What needs to be done:
Return only the lines of the data below from the line with "COACH Vintage ‘92" up to and including the line with "Guided Bike Tour", exactly as written, with the pictures omitted.

Dataset:
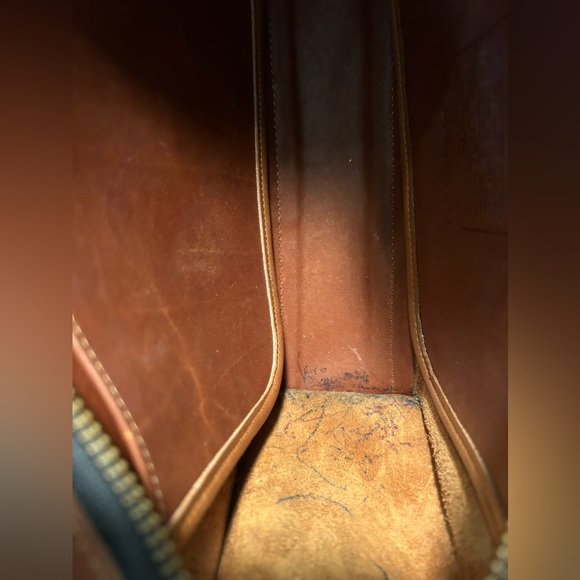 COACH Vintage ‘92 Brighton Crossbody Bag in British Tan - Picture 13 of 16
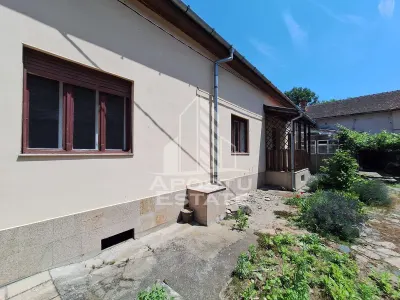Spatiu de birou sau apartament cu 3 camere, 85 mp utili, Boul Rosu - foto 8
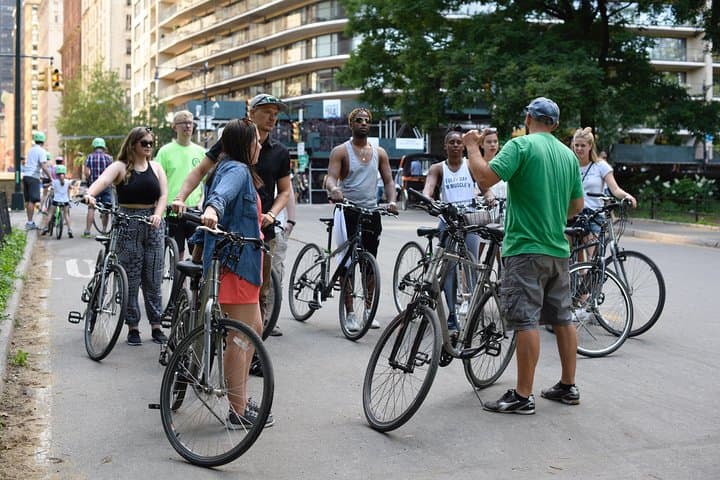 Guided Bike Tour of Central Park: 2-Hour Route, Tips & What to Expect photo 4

...

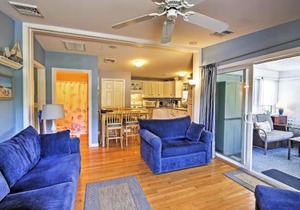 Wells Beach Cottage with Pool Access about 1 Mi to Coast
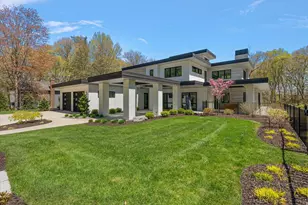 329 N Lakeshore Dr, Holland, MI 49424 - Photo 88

Reply to the task:
 COACH Vintage ‘92 Brighton Crossbody Bag in British Tan - Picture 13 of 16
Spatiu de birou sau apartament cu 3 camere, 85 mp utili, Boul Rosu - foto 8
 Guided Bike Tour of Central Park: 2-Hour Route, Tips & What to Expect photo 4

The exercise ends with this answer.